In Berkeley, California, renovations by San Rafael firm Russell Architects to Louis Kahn’s Flora Lamson Hewlett Building at UC Berkeley’s Graduate Theological Union (GTU) completed this November.
The Hewlett Building—designed and built between 1974 and 1987—is distinct in Berkeley for its Brutalist style, its exterior terraces with lush plantings, and sensuous wooden slats coalescing with a smooth concrete finish. Its lighting fixtures, lintels, mantels, window trims, and furniture are painted in a proto-Yves Klein blue, acting as contrast to the wood and concrete. A pyramidal skylight into the atrium space crowns the symmetrical, ziggurat facade.
Starting in 2020, Russell Architects began surveying the building for today’s needs while seeking to preserve the historic edifice’s profound qualities. For the adaptive reuse project, Russell Architects ultimately moved several functions to different spaces: The Hewlett Building’s original library was relocated to the first level, opening up to the building’s entrance on Scenic Avenue; new gathering and study spaces were added to floors one and two; a rare book, archival reading room, more classrooms, conference rooms, and flex spaces were added; and faculty, student services, and GTU staff were consolidated to the second floor in a centralized operational space. The restoration was finished just in time for GTU’s 61st anniversary.
Since its founding in 1962, the GTU’s mission has been advancing the causes of ethical leadership, social justice, sustainability, and spiritual care for the betterment of communities worldwide. Its three-story, 50,000-square-foot Brutalist headquarters within walking distance from Berkeley’s famous campanile is home to over 375,000 volumes.
Kahn was selected by the GTU to design a new headquarters in 1972. He died two years later in 1974 in the middle of design. Following Kahn’s unexpected death, the California office of Peters, Clayberg and Caulfield, in association with Esherick, Homsey, Dodge, and Davis, was hired to finish the project. The California architects were tasked with staying true as much as possible to Kahn’s vision.
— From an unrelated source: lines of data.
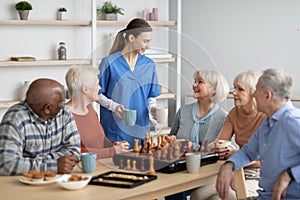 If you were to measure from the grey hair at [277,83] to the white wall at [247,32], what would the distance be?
8.66 ft

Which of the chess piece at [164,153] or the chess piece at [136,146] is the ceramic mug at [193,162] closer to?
the chess piece at [164,153]

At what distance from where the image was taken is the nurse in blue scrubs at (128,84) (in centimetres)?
308

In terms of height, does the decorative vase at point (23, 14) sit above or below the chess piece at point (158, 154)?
above

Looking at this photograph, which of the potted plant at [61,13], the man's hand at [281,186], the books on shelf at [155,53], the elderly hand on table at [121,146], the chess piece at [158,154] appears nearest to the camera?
the man's hand at [281,186]

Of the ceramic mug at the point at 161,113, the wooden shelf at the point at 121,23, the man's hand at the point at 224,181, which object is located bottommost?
the man's hand at the point at 224,181

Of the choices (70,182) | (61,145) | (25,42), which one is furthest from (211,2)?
(70,182)

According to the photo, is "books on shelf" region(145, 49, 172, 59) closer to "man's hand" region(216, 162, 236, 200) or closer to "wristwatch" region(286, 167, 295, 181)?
"man's hand" region(216, 162, 236, 200)

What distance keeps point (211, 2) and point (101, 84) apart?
306 centimetres

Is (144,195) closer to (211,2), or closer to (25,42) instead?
(25,42)

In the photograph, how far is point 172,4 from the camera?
244 inches

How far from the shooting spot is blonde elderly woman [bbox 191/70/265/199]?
3.33 meters

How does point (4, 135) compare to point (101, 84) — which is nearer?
point (4, 135)

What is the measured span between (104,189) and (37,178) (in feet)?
0.93

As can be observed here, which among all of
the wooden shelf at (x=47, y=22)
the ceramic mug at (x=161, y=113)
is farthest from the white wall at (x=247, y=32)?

From the street level, it’s hard to ascertain that the building is in fact square in plan, much like Kahn’s famous Exeter Library in New Hampshire. Unlike the Exeter Library, the Flora Lamson Hewlett Building steps back from the street at each level; it formally evokes nearby modernist designs in the Berkeley area like Kevin Roche’s first project, the Oakland Museum; and Wurster Hall by Vernon DeMars, Joseph Esherick, and Donald Olsen. The Hewlett Building’s trademark space is its 3-story high Oculus that visually connects each of the building’s three floors, centered by an abstract sculpture.
“I see the library as a place where the librarian can layout the books, open especially to selected pages to seduce the reader,” Louis Kahn said describing his design approach at the Flora Lamson Hewlett Building. “There should be a place with great tables on which the librarian can put the books, and the reader should be able to take the book and go to the light,” he said shortly before his sudden passing.
The Hewlett Building didn’t have its dedication ceremony until 1987. That year, the building earned its moniker in use today, the Hewlett Building, after Flora Lamson Hewlett, a philanthropist and wife of William Hewlett, cofounder of Hewlett-Packard Company, made a generous donation to help fund the GTU building. The Hewlett Building is now recognized as one of the very few Bay Area buildings to be named after a woman, according to a 2020 study conducted by the Department on the Status of Women.
“We are proud that the alterations remained true to Louis Kahn’s original vision, especially the role that natural light should play in illuminating a space and inspiring its occupants,” said Uriah Kim, GTU’s president. “The completion of these alterations represents a key milestone in our five-year strategic plan, bringing the GTU community under one roof in reimagined spaces that will continue to foster the interreligious dialogue and brave conversations that are hallmarks of our GTU community.”
Today, Kahn’s original drawings of the Hewlett Building are at the Architectural Archives of the University of Pennsylvania.